Valuable information was collected through laser scanning and gamma radiation imaging using a system provided by Createc. The robot completed its work wearing a suit specially designed and manufactured at the UKAEA which protected it from any radioactive contamination.

Chris Hope, remediation capability development manager, Sellafield Ltd said: “This was a really challenging task – we deployed Spot into a complex, cluttered, highly contaminated area with a mission to capture information. The quality of the data we captured is fantastic and will help us with our decommissioning and waste planning.”

He added: “Until now, this type of survey has relied on our operators manually deploying equipment in hazardous environments wearing full protective equipment. This proves that Spot can help us take humans away from harm. This allows us to free up our workers to deliver other value adding work. The protective suit did its job too – the robot was monitored and cleared by our health physics team, and was able to leave the Sellafield site.”

Elsewhere in the UK, this year saw Dounreay Site Restoration Ltd (DSRL) begin working with the Robotics and Artificial Intelligence in Nuclear (RAIN) Hub to develop a second-generation robot called Lyra. It includes a package of surveying measures including LIDAR, multiple angle cameras, radiation probes and the ability to take swabs using the manipulator arm.

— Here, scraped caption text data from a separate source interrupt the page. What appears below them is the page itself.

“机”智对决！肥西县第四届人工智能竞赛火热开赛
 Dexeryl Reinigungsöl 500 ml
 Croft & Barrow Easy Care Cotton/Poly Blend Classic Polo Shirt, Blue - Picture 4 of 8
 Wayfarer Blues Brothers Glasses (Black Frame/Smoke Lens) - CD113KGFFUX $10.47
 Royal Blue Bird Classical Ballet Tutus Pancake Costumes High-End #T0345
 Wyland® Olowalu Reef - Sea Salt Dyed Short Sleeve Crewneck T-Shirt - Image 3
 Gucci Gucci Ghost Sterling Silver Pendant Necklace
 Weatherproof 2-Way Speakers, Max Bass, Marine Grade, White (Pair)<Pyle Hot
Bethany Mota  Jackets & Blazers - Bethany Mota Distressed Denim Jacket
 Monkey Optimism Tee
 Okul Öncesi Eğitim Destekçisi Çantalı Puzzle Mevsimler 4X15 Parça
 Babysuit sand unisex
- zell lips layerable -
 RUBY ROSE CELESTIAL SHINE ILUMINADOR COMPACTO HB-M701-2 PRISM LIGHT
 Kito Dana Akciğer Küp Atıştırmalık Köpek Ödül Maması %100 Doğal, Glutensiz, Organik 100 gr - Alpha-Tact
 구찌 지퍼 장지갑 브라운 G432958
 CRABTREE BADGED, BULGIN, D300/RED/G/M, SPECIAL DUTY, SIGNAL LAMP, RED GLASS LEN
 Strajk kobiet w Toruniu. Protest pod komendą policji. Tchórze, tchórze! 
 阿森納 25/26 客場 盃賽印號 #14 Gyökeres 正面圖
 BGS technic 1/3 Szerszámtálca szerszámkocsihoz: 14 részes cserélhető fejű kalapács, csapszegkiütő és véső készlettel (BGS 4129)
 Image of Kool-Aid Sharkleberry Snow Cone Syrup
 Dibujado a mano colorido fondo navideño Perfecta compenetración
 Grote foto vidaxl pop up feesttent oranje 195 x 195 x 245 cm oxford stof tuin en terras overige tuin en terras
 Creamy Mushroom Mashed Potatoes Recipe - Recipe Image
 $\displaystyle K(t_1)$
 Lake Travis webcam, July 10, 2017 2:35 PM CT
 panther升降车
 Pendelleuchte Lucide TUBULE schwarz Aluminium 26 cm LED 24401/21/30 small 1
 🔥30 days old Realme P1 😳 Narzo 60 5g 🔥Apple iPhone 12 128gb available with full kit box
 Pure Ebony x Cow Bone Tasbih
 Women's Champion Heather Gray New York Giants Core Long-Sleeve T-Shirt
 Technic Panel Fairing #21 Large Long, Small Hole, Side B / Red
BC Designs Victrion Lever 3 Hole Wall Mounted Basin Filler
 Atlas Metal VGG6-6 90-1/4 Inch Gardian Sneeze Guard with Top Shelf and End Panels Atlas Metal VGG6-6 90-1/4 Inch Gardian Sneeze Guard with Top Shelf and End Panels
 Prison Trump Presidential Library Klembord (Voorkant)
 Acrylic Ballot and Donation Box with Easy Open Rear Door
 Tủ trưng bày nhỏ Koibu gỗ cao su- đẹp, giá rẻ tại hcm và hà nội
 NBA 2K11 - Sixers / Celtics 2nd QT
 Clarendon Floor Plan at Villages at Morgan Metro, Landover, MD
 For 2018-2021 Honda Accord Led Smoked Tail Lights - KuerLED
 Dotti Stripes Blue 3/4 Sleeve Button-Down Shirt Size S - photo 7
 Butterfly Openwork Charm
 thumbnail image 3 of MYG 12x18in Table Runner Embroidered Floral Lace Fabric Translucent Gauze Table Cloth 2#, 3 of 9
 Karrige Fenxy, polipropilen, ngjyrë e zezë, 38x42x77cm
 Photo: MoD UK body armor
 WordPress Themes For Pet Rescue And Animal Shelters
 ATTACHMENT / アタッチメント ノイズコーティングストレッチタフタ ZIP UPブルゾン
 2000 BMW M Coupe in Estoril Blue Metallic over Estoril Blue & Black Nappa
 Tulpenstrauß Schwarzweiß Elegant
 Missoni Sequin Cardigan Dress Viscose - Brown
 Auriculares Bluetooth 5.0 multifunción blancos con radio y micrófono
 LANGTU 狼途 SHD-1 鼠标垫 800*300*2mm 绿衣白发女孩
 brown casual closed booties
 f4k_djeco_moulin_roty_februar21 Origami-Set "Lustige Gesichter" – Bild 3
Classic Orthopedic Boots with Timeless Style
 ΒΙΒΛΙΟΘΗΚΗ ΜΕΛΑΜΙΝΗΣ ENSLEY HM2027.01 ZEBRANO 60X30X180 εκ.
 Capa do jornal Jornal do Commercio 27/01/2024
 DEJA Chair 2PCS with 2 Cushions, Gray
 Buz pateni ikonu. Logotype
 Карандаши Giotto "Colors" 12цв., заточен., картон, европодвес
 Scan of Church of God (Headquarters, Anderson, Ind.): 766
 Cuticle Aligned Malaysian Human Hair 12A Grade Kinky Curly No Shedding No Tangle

In February, the robot completed a survey of a 140-metre-long underfloor duct which runs under the central corridor between laboratories, providing useful information that will help decommissioning.

“Now the characterisation survey is complete we have built up a very comprehensive picture of the duct, which will help us make informed decisions on how the duct should be decommissioned,” said DSRL Project Manager Jason Simpson.

OC Robotics flexible snake-arm robot has been deployed to help decommission the Dragon reactor at Winfrith in the UK using its high-powered cutting laser. Passing through a narrow hole in the 3 metre-thick concrete around the core, it sliced through a 400mm diameter Purge Gas Pre-Cooler (PGPC) vessel attached to the reactor core. Developed by OC Robotics and TWI with R&D funding from the NDA, LaserSnake allowed the work to be carried out inside the existing radiation shielding, saving time and money.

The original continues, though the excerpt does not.